All photos by Colin Tonks
In the railway arches under Peckham Rye station, there's another noise ringing out alongside the clanking and squealing of trains passing by. It's a sound you just don't expect to hear in London, and one you won't hear anywhere else in the capital — the clanging and hammering of blades being made in a forge.
Blenheim Forge is getting foodies rather excited with its high quality cooking knives, all of which are carefully hand-made in the arches on Blenheim Grove — with the wood in the handles often being foraged from nearby parks and a churchyard.
There's high demand for the implements, and a pretty long waiting list — thanks in part to news getting around by word-of-mouth, but also because everything is hand-made (the forge turns out just four or five blades a week).
The fledgling obsession-becomes-business started as a hobby of friends Jon Warshawsky and James Ross-Harris. James, an experienced furniture and metal-worker, tells Londonist their passion started when they made a blade as a bit of fun one weekend: "Damascus steel has a reputation as being one of the most difficult blacksmithing techniques there is, so we decided to give it a go."
To their surprise, their first attempt was a real success.
"We thought we were naturals at it, and decided to make another," says James. "It was a disaster."
Their initial fluke led to a year of spending weekends trying to make a high quality blade. A year of trial and error, tweaking the temperature and the atmosphere inside the forge. "It's vital to control these two factors," James explains, "a tiny variation in either can ruin the metal."

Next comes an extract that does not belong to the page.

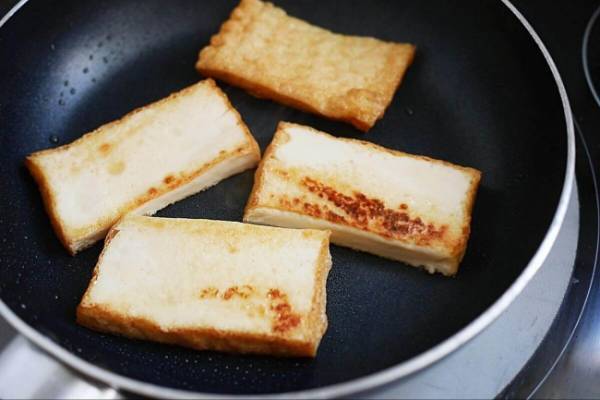 【厚揚げでご飯をかきこめるなんて！】「厚揚げのウマすぎる食べ方」みそ×チーズは最高！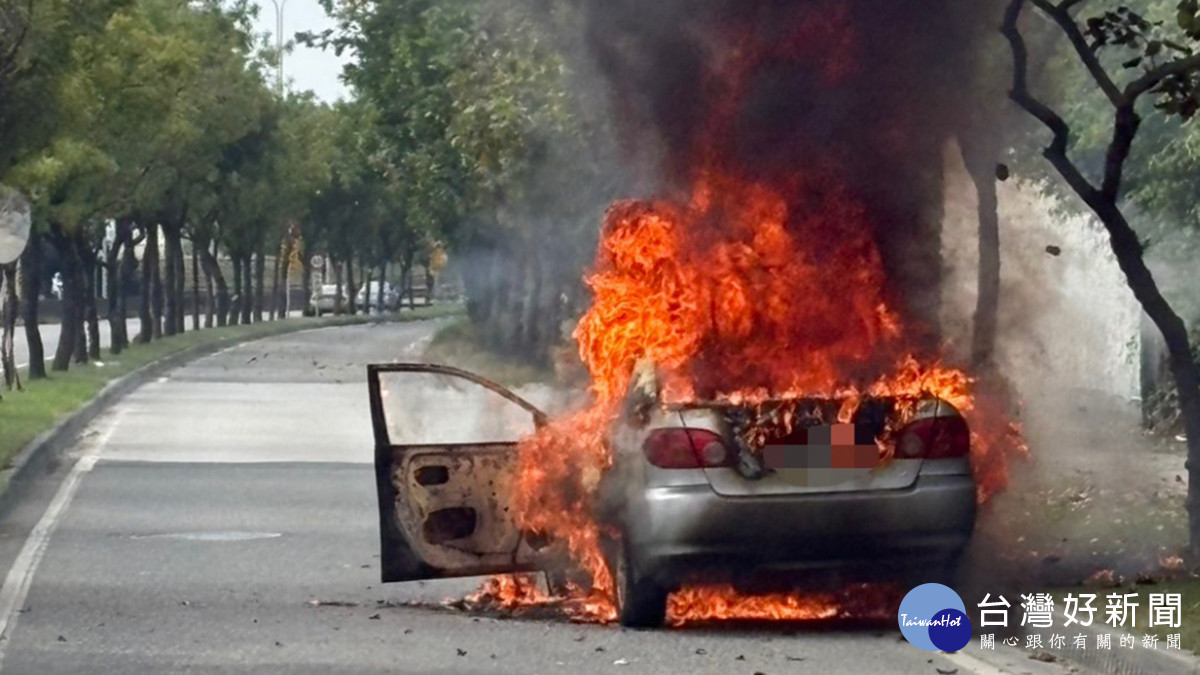 大里環河路驚傳火燒車，轎車瞬間成火球，消防撲滅後車內驚見1人OHCA。（圖/陳招宗 翻攝）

Finally perfecting the technique ignited a burst of inspiration sparks and — joined by new recruit Rich Warner — the group have been dedicating most of their weekends to research and development: using different types of metal and trying out alternate types of blade. Right now there are two types available: Laminated Blue Paper Steel and Pattern Welded, but they're planning to make a straight razor in the near future.
Taking between 20-30 hours to make, all the knives are differentially tempered to create an extremely hard edge and flexible spine, allowing for highly controlled, yet powerful cutting. They are finished by hand and sharpened on Japanese water stones.
But it's not just the quality that is driving up demand, the changing profile of Peckham residents is also benefitting the trio. As well as chefs — who are buying the knives for use in their own homes rather than taking them to work — there's a lot of interest from the type of people who care about where their food comes from, and want to prepare it with locally-sourced tools too. Plus, they have the money for them (the knives cost £80-£350).
Despite rapidly growing demand, the trio refuses to speed up production by automating any part of the process. It's part of the charm of Blenheim Forge, which, as word continues to spread, will only see its waiting list grow. The ancient sounds of the forge seem likely to complement the steel-on-steel of the railway for years to come.